About a month into a project I decided to make a change to a process and was promptly yelled at by a co-worker.
If you’re a changemaker pushing to upset the status quo this probably has or will happen to you at some point. That doesn’t make it easy to deal with. I walked into my mentor’s office, visibly upset, and told her what happened. Her response? “You did the right thing. Act like a duck and let other people’s comments flow right off you.”
Trying to enact change can be emotional draining. Overcoming resistance always requires more work than going with the flow. If you’re trying to change a culture that’s drastically different from your own you may also be constantly questioning your own beliefs. “Am I crazy or does this not seem right/efficient/customer-centric/fill in the blank?”
How to survive
To avoid burnout you need to find a support group. Sometimes in a change initiative it can feel like you are being fired at from all sides. Having someone in the trenches with you watching your back, whom you can commiserate and strategize with is key.

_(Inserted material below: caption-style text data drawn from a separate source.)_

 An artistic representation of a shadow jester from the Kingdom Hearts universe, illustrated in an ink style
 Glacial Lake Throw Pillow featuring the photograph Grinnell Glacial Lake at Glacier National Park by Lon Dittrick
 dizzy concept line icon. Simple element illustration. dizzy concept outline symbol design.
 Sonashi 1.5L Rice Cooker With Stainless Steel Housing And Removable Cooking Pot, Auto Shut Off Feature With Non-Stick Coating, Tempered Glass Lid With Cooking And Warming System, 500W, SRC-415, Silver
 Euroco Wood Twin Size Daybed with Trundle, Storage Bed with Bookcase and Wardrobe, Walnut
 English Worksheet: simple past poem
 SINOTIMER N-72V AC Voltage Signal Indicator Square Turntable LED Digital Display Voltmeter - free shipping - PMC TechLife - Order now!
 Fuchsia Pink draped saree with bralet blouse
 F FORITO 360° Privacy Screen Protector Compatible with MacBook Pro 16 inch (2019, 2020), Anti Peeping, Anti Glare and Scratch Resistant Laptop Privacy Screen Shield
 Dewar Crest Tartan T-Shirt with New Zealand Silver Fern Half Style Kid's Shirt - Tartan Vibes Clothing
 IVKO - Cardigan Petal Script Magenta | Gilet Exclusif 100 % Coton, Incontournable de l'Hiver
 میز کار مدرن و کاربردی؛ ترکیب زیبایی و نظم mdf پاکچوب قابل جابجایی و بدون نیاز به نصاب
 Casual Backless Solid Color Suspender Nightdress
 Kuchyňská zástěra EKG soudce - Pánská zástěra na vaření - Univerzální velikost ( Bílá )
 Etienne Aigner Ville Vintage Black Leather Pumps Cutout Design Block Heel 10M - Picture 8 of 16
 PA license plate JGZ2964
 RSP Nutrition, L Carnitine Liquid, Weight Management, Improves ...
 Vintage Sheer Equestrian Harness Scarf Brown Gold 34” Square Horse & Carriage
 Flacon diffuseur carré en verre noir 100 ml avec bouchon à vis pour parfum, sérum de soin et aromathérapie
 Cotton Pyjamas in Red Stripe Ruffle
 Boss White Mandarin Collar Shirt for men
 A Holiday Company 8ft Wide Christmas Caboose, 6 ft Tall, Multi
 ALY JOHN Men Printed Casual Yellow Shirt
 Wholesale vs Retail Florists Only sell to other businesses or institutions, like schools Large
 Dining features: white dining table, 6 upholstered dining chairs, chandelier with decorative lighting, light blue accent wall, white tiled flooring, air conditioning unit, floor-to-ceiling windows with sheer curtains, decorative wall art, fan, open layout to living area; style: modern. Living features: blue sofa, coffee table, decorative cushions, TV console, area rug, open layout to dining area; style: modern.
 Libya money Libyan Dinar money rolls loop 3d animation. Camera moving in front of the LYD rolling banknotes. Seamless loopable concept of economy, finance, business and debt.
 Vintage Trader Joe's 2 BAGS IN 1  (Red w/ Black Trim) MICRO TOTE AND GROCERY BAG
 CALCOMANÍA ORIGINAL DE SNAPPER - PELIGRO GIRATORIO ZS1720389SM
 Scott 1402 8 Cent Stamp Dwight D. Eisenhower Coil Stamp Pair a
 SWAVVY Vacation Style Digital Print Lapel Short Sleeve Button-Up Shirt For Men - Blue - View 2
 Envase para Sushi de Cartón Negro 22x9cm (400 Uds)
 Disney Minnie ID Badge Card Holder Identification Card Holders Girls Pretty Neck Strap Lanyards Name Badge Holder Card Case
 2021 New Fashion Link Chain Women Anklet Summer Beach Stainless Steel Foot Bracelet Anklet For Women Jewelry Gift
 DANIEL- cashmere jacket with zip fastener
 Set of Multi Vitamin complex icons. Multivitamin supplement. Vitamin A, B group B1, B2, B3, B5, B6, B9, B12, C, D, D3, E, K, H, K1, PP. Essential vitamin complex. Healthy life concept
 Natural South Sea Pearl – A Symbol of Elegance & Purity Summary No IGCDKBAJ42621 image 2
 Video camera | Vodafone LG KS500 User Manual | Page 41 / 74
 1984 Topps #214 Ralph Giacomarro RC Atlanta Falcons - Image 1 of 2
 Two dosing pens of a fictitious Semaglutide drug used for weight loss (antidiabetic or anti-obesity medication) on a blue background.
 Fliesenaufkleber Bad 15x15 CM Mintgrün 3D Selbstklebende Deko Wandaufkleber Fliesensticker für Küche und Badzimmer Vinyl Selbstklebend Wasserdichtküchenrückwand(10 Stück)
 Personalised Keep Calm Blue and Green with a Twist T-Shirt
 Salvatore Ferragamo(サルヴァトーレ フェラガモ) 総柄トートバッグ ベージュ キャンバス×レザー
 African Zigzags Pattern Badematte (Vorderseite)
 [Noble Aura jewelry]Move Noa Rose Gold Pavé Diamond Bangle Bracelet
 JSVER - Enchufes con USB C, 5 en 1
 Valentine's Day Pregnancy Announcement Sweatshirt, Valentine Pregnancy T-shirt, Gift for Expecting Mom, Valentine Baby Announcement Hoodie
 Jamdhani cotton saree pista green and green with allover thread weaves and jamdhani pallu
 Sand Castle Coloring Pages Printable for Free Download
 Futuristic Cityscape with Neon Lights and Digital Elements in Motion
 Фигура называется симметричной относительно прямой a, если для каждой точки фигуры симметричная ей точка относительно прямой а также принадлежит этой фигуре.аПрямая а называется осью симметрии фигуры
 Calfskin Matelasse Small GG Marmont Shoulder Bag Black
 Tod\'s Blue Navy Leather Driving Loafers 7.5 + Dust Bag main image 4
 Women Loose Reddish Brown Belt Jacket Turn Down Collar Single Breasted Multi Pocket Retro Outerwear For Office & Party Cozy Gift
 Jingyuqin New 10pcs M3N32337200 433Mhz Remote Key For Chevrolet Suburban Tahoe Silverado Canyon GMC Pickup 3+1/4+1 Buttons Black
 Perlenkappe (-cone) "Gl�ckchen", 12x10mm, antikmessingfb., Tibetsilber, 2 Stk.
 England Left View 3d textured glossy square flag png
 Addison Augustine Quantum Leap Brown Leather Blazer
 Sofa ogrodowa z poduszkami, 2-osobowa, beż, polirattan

Your non-work life is important too. In school I was always into group activities, soccer, theater, sailing. Once I started working in larger organizations I realized that individual hobbies helped provide balance. While cooking, running, reading, or doing DIY projects, my goals, success and progress were completely within my control. All of you Type-A (Type Awesome) out there working in large organizations will understand. 🙂
Also, act like a duck. Write down your beliefs and goals for the new organization and star the ones that are non-negotiable. Don’t let negative reactions sway you but examine them and see if you could have communicated your decision/thoughts/actions differently or timed them differently. I found John Kotter’s book “Leading Change” to be extremely helpful to understand why an initiative was successful or not and how to keep the momentum going.
It will get better. As change takes hold the people who resisted at first may become your biggest allies.